Wed Oct 1 18:59:09 UTC 2008

On Wed, Oct 01, 2008 at 12:18:21PM -0600, Chris Worley wrote:
> 
> I was perusing David Woodhouse's 2.6.27-rc2 kernel at
> git://git.infradead.org/users/drzeus/discard-2.6.git, and noticed he
> has the discard built-in to where I was talking about for ext2... so I
> coded our driver to handle discards, and it works very nicely!!!

I'm not sure what you mean by "our driver"?

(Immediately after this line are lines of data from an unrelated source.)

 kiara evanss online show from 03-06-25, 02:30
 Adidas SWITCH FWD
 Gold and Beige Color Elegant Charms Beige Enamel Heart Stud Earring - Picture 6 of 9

> The journaling issue you raise is not a show-stopper on the block
> device side: if the block device has to maintain a couple of blocks
> that are not really in use, it's no big deal (eventually the blocks
> will be re-written and the universe will be in order again)... for the
> users, I can understand if the discard is preserved on the block
> device, while the fs still thinks there's good data in there (we'll
> give you back all zeros on read).

It's no issue on the block device side at all, but from the user's
point of view it can be quite disastrous.  Consider the following
shell script:

   	cp /etc/passwd /etc/passwd.vipw
	vi /etc/passwd.vipw
	<sanity check /etc/passwd.vipw for correctness>
	# atomically update /etc/passwd
	mv /etc/passwd.vipw /etc/passwd

Now assume that we crash right after the "mv" command, but before the
transaction has committed.  The net result will be that the contents
of the /etc/passwd file will be all zeros, which some might
consider....  unfortuate.

This is exactly the same issue for why we can't just zero data blocks
on the unlink command, but instead have to wait until the unlink
operation has actually been committed in the journal.

						- Ted